BEGIN EXERCISE INPUT

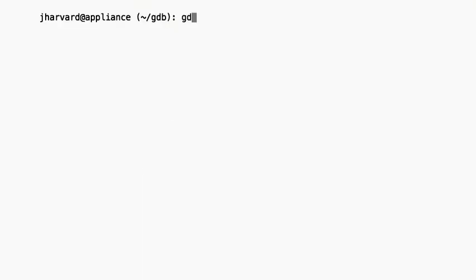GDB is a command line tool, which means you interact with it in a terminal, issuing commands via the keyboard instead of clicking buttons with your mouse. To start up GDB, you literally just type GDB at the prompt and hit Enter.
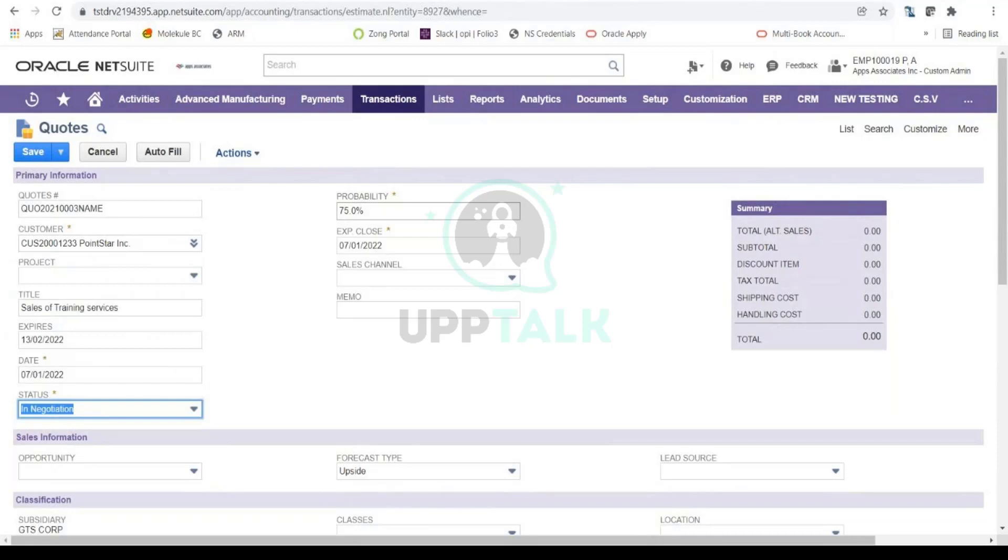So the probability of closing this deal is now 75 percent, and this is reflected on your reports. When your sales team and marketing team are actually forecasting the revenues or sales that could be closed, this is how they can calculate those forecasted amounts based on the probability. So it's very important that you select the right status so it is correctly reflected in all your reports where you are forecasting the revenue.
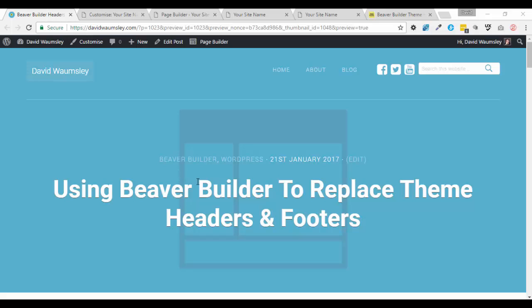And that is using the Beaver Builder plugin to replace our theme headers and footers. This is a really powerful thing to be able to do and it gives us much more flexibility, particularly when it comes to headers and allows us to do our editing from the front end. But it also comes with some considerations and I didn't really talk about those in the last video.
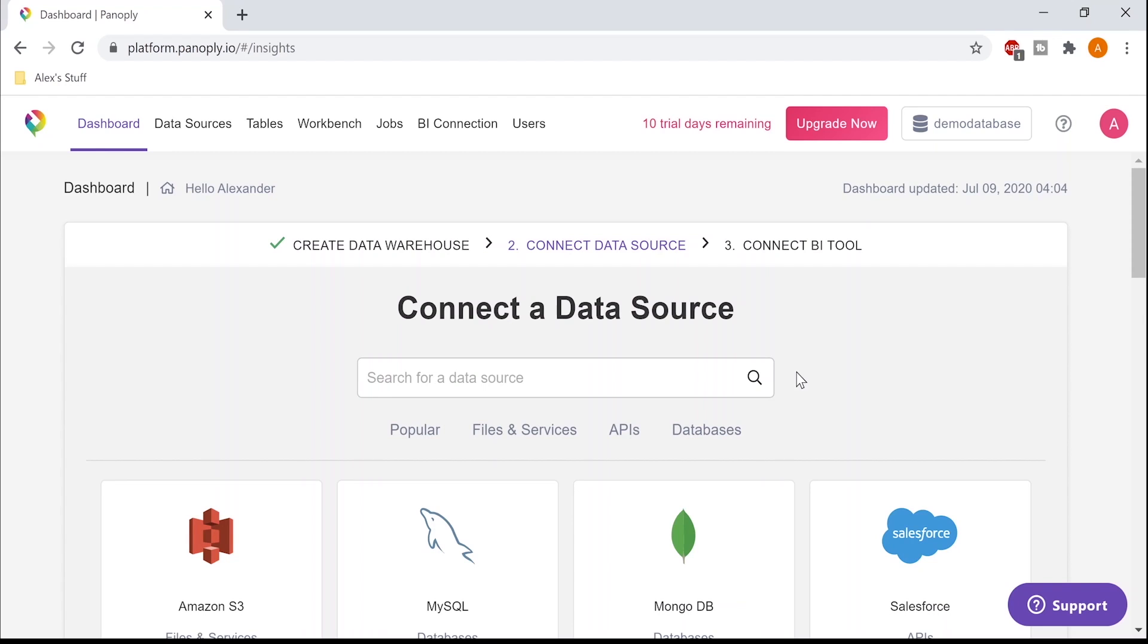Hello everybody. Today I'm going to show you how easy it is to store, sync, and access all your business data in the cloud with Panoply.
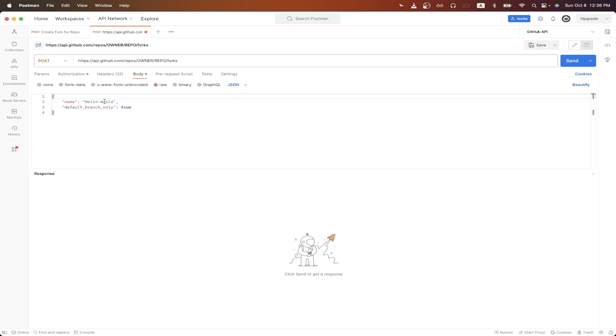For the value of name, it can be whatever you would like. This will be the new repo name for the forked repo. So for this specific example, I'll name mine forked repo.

END EXERCISE INPUT
BEGIN EXERCISE INPUT

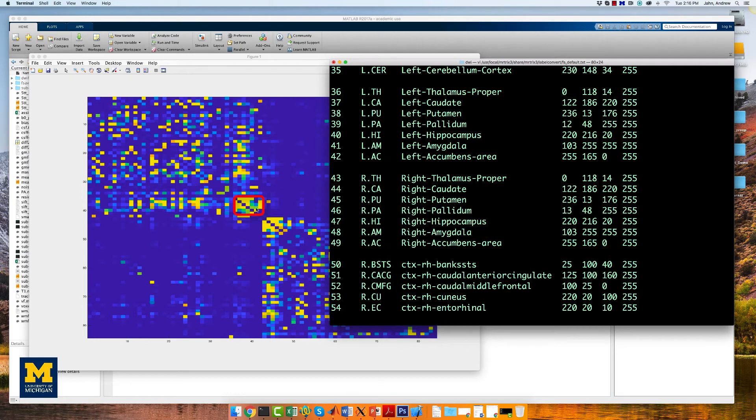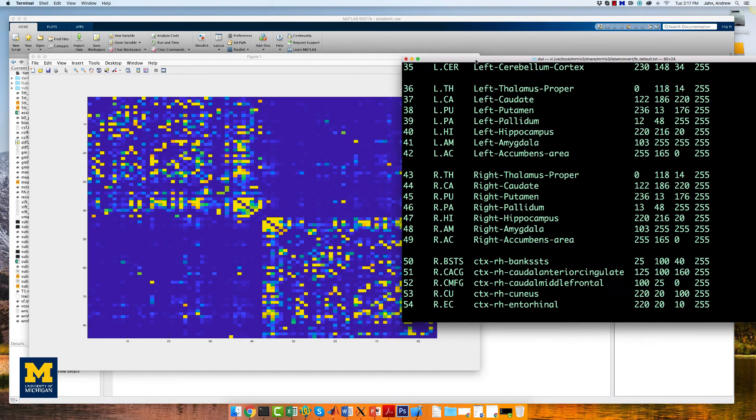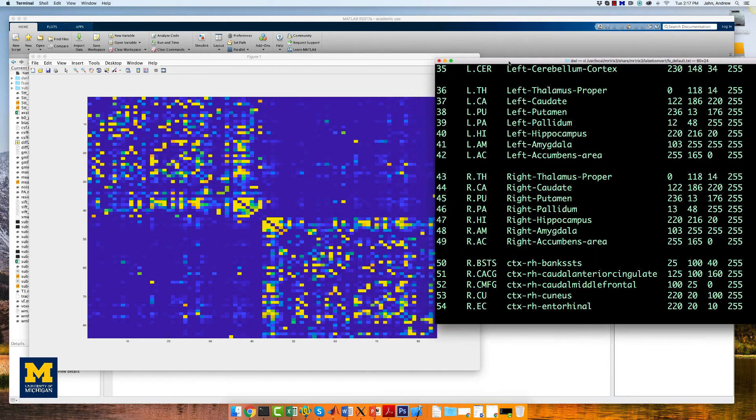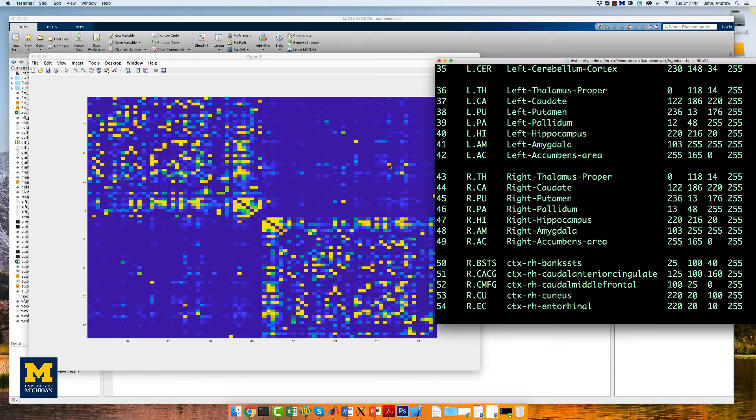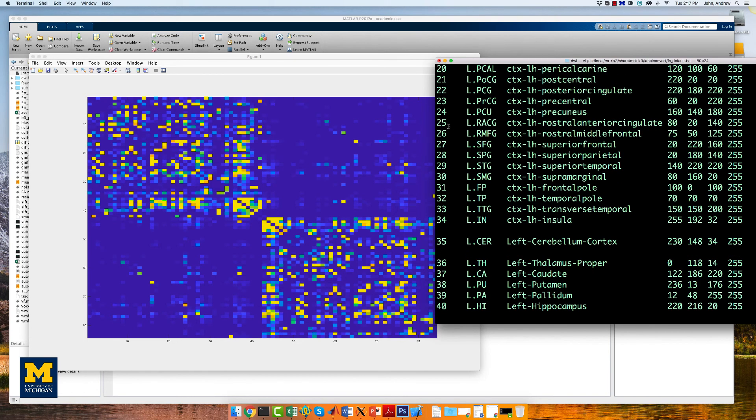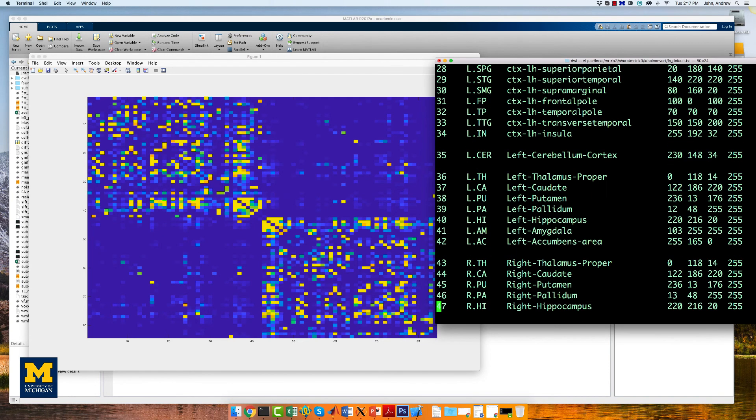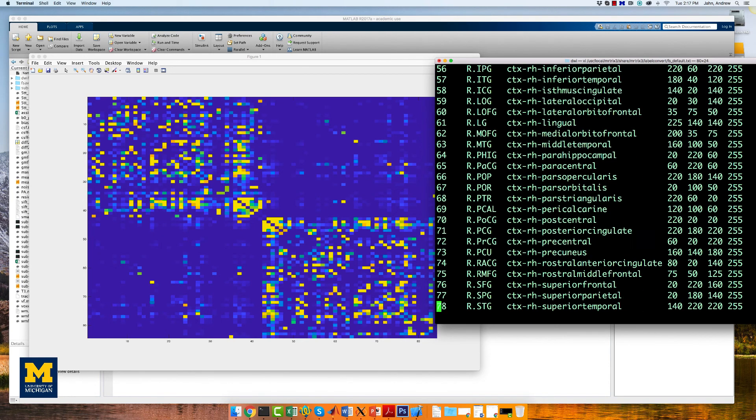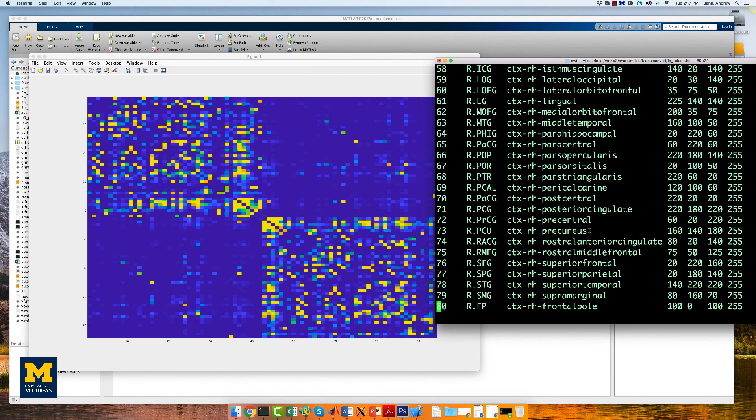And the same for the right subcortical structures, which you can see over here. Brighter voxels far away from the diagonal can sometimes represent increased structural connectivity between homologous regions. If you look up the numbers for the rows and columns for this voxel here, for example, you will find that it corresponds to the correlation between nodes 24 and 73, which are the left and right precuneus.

END EXERCISE INPUT

WORK REQUEST. Only the lines starting at the one that includes "GDB is a command" and ending at the one that includes "For the value" should be retyped, exactly, from the records above; no pictures.

ANSWER FOR THE TASK.
GDB is a command line tool, which means you interact with it in a terminal, issuing commands via the keyboard instead of clicking buttons with your mouse. To start up GDB, you literally just type GDB at the prompt and hit Enter.
So the probability of closing this deal is now 75 percent, and this is reflected on your reports. When your sales team and marketing team are actually forecasting the revenues or sales that could be closed, this is how they can calculate those forecasted amounts based on the probability. So it's very important that you select the right status so it is correctly reflected in all your reports where you are forecasting the revenue.
And that is using the Beaver Builder plugin to replace our theme headers and footers. This is a really powerful thing to be able to do and it gives us much more flexibility, particularly when it comes to headers and allows us to do our editing from the front end. But it also comes with some considerations and I didn't really talk about those in the last video.
Hello everybody. Today I'm going to show you how easy it is to store, sync, and access all your business data in the cloud with Panoply.
For the value of name, it can be whatever you would like. This will be the new repo name for the forked repo. So for this specific example, I'll name mine forked repo.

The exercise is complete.